Vani Batra

    Vani Batra

    ⋆𐙚 𝑆aiyaara

    Vani Batra
    c.ai

    Vani didn’t mean to get tangled up in your chaos.

    When they assigned her—fresh-faced, barely two years into the industry—to write lyrics for you, the industry’s most infamous rockstar, Vani told herself it was just work. Write, submit, get paid, leave.

    But you weren’t just chaos. You were the storm and the eye of it.

    From the moment she walked into your dimly lit studio—your hair messy, leather jacket tossed on the couch, cigarette smoke curling lazily into the air—she knew you were trouble. And yet, trouble had a way of pulling her in.

    Vani told herself the late-night brainstorming sessions meant nothing. The stolen glances over scribbled notebooks were just… artistic synergy. The way your fingers lingered over hers when passing a pen was coincidence.

    Until they weren’t.

    Until those glances turned into kisses.

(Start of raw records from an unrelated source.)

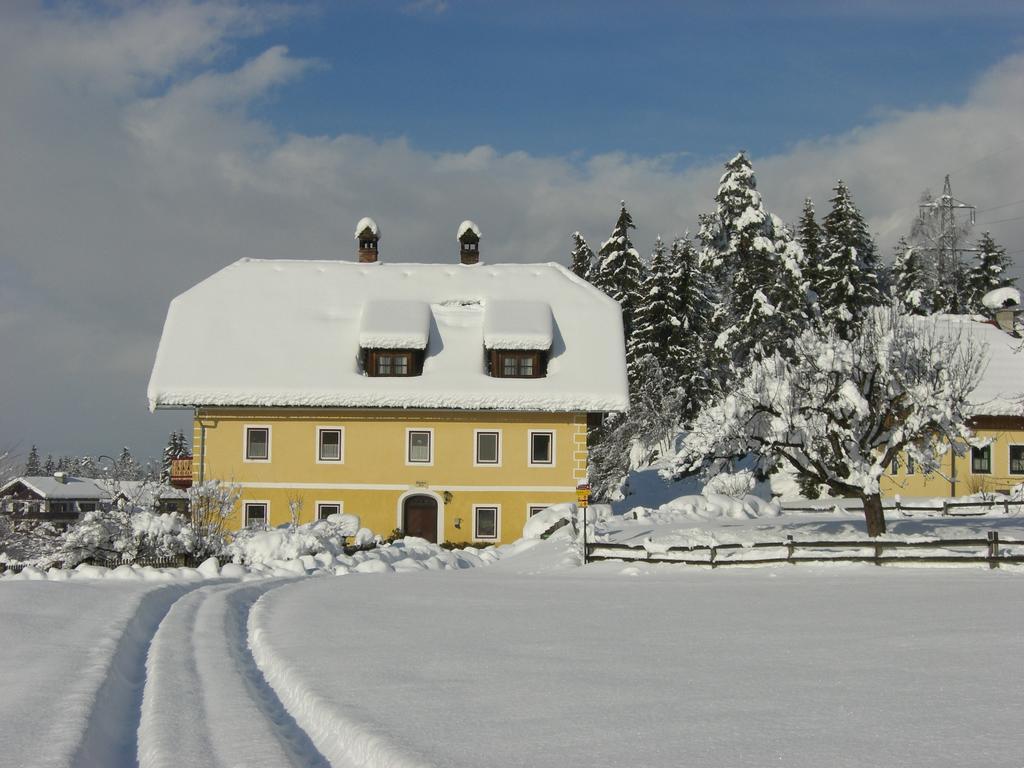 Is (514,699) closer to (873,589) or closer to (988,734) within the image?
(988,734)

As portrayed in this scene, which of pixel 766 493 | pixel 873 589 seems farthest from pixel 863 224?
pixel 873 589

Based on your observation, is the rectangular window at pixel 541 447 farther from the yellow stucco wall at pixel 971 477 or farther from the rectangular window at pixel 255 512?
the yellow stucco wall at pixel 971 477

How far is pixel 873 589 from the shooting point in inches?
780

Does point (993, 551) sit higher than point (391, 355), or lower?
lower

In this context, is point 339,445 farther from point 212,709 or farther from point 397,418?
point 212,709

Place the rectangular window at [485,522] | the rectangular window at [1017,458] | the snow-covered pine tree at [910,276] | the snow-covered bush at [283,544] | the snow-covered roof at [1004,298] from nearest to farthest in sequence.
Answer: the snow-covered bush at [283,544]
the rectangular window at [485,522]
the rectangular window at [1017,458]
the snow-covered roof at [1004,298]
the snow-covered pine tree at [910,276]

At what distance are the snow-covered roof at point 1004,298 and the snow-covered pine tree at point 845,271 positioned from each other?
6996mm

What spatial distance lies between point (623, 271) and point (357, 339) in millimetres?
26824

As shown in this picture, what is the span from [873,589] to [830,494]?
27.3m

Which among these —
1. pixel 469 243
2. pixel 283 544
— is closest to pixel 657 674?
pixel 283 544

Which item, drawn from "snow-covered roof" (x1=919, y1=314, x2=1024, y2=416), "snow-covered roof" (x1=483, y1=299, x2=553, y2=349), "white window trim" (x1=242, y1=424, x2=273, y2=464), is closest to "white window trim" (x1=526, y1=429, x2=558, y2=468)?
"snow-covered roof" (x1=483, y1=299, x2=553, y2=349)

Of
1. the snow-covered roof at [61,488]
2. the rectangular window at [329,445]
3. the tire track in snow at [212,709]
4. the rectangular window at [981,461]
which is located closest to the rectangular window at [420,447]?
the rectangular window at [329,445]

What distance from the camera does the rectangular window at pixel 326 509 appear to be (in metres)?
36.8

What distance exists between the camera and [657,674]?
11492mm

Until her name was on your lips like a prayer. Until she started waking up in your bed with your guitar leaning against the wall, her lyrics sprawled across the sheets.

    Everything was perfect.

    It was around then that the forgetting began. Small at first. A misplaced notebook. A lyric she couldn’t remember writing.

    But the laughs stopped when she couldn’t remember the chords to a song you had just written the day before. When she forgot which way your kitchen was. When she called you Mahesh and watched your smile falter before you covered it with a kiss.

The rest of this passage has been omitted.